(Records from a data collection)
::::
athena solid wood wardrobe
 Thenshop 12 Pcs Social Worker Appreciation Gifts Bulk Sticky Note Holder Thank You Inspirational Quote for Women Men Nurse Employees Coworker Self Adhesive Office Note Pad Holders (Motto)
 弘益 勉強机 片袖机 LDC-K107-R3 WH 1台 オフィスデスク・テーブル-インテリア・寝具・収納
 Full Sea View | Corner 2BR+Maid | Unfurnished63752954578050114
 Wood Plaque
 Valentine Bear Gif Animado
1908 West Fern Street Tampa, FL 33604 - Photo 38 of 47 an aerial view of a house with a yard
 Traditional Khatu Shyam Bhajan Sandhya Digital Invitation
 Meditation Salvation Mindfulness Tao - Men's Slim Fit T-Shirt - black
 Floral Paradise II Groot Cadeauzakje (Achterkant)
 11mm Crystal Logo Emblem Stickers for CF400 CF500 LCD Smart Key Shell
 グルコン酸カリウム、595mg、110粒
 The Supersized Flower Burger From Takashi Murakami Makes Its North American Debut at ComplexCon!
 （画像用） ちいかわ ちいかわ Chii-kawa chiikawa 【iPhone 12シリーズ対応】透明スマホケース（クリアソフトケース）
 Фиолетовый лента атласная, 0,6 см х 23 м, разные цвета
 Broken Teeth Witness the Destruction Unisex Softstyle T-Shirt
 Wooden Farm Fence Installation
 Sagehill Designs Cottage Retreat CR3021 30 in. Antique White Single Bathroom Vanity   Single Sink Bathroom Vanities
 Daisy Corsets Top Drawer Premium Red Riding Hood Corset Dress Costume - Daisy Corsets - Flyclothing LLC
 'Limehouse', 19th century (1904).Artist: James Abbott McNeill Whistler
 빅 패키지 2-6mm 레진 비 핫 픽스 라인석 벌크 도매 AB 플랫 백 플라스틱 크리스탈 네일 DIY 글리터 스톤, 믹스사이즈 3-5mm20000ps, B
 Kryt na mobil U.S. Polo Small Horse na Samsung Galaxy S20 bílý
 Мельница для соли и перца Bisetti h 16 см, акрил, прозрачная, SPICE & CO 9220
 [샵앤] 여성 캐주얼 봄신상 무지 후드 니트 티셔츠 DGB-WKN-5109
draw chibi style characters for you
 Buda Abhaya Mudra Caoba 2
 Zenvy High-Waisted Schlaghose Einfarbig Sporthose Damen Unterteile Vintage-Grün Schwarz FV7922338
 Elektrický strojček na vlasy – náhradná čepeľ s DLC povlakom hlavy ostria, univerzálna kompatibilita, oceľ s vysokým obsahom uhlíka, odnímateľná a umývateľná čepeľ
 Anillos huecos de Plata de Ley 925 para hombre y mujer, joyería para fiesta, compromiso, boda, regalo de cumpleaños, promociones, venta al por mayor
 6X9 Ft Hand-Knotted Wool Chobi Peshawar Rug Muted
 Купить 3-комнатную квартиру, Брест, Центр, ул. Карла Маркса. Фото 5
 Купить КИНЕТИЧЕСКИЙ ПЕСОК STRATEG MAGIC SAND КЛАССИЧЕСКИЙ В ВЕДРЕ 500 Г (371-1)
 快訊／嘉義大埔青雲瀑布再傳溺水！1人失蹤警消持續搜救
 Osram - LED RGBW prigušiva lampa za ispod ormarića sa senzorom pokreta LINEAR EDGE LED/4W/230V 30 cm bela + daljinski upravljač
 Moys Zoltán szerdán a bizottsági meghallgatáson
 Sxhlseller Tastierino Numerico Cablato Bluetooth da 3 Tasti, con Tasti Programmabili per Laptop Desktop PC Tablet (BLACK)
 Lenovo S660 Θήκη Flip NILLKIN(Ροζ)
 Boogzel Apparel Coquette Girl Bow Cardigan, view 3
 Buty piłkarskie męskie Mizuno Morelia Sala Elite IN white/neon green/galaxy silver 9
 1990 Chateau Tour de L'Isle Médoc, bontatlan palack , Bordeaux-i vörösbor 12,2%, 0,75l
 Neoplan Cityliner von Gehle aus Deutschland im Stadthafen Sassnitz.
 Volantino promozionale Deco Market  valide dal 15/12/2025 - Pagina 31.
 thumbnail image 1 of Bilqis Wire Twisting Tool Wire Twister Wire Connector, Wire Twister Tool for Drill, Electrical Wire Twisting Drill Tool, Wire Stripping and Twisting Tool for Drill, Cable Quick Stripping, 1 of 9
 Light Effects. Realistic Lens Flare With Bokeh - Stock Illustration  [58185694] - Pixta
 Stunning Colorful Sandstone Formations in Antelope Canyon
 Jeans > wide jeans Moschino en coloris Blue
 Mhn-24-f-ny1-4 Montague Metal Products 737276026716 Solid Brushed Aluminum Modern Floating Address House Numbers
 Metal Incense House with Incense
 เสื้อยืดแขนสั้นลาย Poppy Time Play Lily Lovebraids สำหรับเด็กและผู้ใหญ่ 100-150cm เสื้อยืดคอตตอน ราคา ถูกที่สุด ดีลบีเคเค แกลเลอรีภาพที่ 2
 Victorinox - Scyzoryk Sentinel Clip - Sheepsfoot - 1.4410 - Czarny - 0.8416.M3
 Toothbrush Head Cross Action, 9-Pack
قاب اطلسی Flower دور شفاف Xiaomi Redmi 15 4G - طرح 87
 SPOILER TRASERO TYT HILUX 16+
::::
* WHAT IS REQUIRED
From the first line of the data above through the line containing "Фиолетовый лента атласная, 0,6", repeat each line exactly, and add nothing.

* ANSWER TO THIS TASK
athena solid wood wardrobe
 Thenshop 12 Pcs Social Worker Appreciation Gifts Bulk Sticky Note Holder Thank You Inspirational Quote for Women Men Nurse Employees Coworker Self Adhesive Office Note Pad Holders (Motto)
 弘益 勉強机 片袖机 LDC-K107-R3 WH 1台 オフィスデスク・テーブル-インテリア・寝具・収納
 Full Sea View | Corner 2BR+Maid | Unfurnished63752954578050114
 Wood Plaque
 Valentine Bear Gif Animado
1908 West Fern Street Tampa, FL 33604 - Photo 38 of 47 an aerial view of a house with a yard
 Traditional Khatu Shyam Bhajan Sandhya Digital Invitation
 Meditation Salvation Mindfulness Tao - Men's Slim Fit T-Shirt - black
 Floral Paradise II Groot Cadeauzakje (Achterkant)
 11mm Crystal Logo Emblem Stickers for CF400 CF500 LCD Smart Key Shell
 グルコン酸カリウム、595mg、110粒
 The Supersized Flower Burger From Takashi Murakami Makes Its North American Debut at ComplexCon!
 （画像用） ちいかわ ちいかわ Chii-kawa chiikawa 【iPhone 12シリーズ対応】透明スマホケース（クリアソフトケース）
 Фиолетовый лента атласная, 0,6 см х 23 м, разные цвета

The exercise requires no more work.